Annuii. Poi sentii lo scricchiolio delle scale.
Wyatt scese, assonnato e spettinato, ma con lo stesso sorriso sicuro di sé. Prese un panino, senza nemmeno degnarmi di uno sguardo finché non notò mio padre a tavola. Il panino gli cadde di mano.
"Che ci fa qui?" chiese bruscamente.
Harrison non alzò la voce.
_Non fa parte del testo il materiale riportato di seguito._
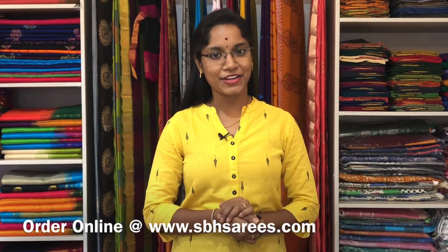Thank you for watching this video. Please do like, share and subscribe to our YouTube channel, and follow us on our Instagram page to get regular updates and latest collections. Thank you all.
E per qualche ragione, questo suo tono era ancora più serio: "Siediti. Subito." Per la prima volta, non cercai di risparmiare a mio figlio le conseguenze. Gli dissi di sedersi anche lui. E lui capì che il vecchio silenzio e le vecchie concessioni non sarebbero più esistiti.
Harrison posò la cartella al centro del tavolo e disse che dopo ieri, tutto doveva cambiare. In quella cucina non c'era più posto per l'autorità di Wyatt, la sua maleducazione e la sua abitudine di considerare la gentilezza altrui come debolezza.
Guardai la tavola apparecchiata, la luce del mattino e mio figlio, che finalmente si trovava di fronte non a scuse, ma alle conseguenze delle sue azioni. E in quel momento capii: per quanto difficile fosse stata quella giornata, sarebbe stata l'inizio del mio ritorno a me stessa. Non avrei più vissuto nella paura, anche se ciò significava ricominciare tutto da capo.